The Bush administration has decided not to file an amicus brief in support of shareholders in a Supreme Court case that could determine whether business partners of companies that commit fraud can also be held directly liable for securities violations.
The Securities and Exchange Commission reportedly asked the U.S. solicitor general — which files the government’s opinion on Supreme Court cases — to file an amicus brief in support of the shareholders in a case involving securities rules to be heard by the country’s highest court this fall. The deadline for filing a brief in support of the plaintiffs was Monday, June 11. A spokesman for the Department of Justice, which oversees the solicitor general’s office, confirmed to CFO.com that the solicitor general did not file a brief.
SEC spokesman John Nester declined to comment. According to published reports, the commissioners voted 3-2 to support investors’ point of view in Stoneridge v. Scientific-Atlanta, a case which looks at whether third parties can share direct responsibility for company fraud.
That question could be answered if the case is lumped together with another case involving scheme liability and some of the banks once associated with Enron.
The lead plaintiff’s attorney in the Enron case, William Lerach, has requested that the Supreme Court hear his client’s appeal for its suit against Merrill Lynch, Barclays, and Credit Suisse along with the Stoneridge case, which involves investors of Charter Communications. If that happens, legal experts believe the decision will answer the question of whether so-called secondary actors — such as banks, audit firms, or vendors — can be considered directly liable for securities fraud.

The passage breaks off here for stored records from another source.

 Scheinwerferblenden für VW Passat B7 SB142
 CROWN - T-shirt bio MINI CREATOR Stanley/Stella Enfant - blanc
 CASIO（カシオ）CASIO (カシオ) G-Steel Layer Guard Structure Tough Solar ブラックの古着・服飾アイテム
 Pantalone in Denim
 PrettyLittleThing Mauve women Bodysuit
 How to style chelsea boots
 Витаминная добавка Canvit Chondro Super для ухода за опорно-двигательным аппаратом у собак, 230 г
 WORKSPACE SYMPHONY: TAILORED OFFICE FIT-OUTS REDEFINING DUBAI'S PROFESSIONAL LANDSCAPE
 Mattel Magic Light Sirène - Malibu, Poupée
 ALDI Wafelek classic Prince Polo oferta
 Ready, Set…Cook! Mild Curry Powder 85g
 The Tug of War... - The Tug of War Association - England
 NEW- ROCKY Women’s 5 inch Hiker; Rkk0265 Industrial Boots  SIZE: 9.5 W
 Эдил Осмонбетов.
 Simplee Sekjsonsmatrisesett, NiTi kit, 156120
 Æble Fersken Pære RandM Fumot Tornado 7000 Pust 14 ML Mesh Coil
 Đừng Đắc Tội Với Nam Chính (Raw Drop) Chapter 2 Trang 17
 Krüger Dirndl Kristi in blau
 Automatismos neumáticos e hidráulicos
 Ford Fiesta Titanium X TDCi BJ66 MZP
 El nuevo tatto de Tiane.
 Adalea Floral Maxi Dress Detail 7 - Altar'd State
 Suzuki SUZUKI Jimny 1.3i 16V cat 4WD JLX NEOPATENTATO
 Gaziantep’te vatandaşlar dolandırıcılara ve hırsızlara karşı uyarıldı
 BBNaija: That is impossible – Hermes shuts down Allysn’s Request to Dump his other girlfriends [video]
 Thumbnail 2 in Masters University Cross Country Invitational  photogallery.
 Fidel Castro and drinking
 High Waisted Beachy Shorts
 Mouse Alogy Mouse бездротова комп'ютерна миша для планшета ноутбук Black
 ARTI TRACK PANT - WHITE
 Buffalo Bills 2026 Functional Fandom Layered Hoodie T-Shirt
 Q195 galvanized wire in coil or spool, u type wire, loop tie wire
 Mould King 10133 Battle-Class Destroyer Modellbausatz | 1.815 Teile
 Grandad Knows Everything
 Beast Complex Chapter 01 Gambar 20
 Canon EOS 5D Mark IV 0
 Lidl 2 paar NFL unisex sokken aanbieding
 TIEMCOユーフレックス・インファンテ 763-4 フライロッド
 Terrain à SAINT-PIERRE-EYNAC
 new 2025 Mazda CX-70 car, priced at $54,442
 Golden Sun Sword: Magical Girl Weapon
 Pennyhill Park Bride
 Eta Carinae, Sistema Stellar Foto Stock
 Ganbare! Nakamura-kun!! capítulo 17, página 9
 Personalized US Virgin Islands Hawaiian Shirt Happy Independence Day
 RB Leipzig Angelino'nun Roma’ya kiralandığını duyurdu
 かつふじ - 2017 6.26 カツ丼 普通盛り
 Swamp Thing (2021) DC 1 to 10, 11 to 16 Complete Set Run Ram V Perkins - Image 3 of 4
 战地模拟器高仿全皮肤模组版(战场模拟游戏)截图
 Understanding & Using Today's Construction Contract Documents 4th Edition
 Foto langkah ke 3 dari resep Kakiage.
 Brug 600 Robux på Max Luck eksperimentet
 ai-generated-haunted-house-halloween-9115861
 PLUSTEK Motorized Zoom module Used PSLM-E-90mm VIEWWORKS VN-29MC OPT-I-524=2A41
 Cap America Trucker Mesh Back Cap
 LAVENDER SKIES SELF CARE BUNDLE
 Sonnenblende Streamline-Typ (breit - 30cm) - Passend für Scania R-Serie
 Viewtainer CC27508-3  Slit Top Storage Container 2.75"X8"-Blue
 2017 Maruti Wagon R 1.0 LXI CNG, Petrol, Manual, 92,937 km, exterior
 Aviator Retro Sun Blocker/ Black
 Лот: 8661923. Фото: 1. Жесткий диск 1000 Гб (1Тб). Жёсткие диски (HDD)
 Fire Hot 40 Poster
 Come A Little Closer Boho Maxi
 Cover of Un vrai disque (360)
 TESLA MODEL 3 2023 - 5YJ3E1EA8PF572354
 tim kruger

The court has yet to decide whether it will agree to combine the cases. The justices have also not decided whether to hear the Enron case. Lerach went to the Supreme Court when the class certification of the class-action suit against the three banks — set for trial this past spring — was overturned by a federal appeals court. The Fifth Circuit’s majority opinion said the banks did not have a direct responsibility to Enron’s investors.
SEC chairman Christopher Cox was pressured by investor advocates, the plaintiff’s lead attorney in an Enron-related case, and lawmakers to have his agency submit an opinion on the Stoneridge case. A recent Wall Street Journal article claimed the scheme-liability litigation was a litmus test for whether Cox favors business interests.
Pro-business groups worry about the effect the cases could have on the number of shareholder lawsuits. “The Stoneridge case and its theory of ‘scheme liability’ is a bold attempt by plaintiffs’ attorneys to drastically expand securities class actions at the same time prominent academics and others are questioning whether the existing system, which duplicates SEC enforcement actions, benefits investors,” said U.S. Chamber of Commerce’s Institute for Legal Reform President Lisa A. Rickard in a statement released in anticipation of the deadline for the amicus filings in support of the plaintiffs.
The Supreme Court has not given a deadline for when amicus briefs on behalf of the defending companies need to be filed in the Stoneridge case.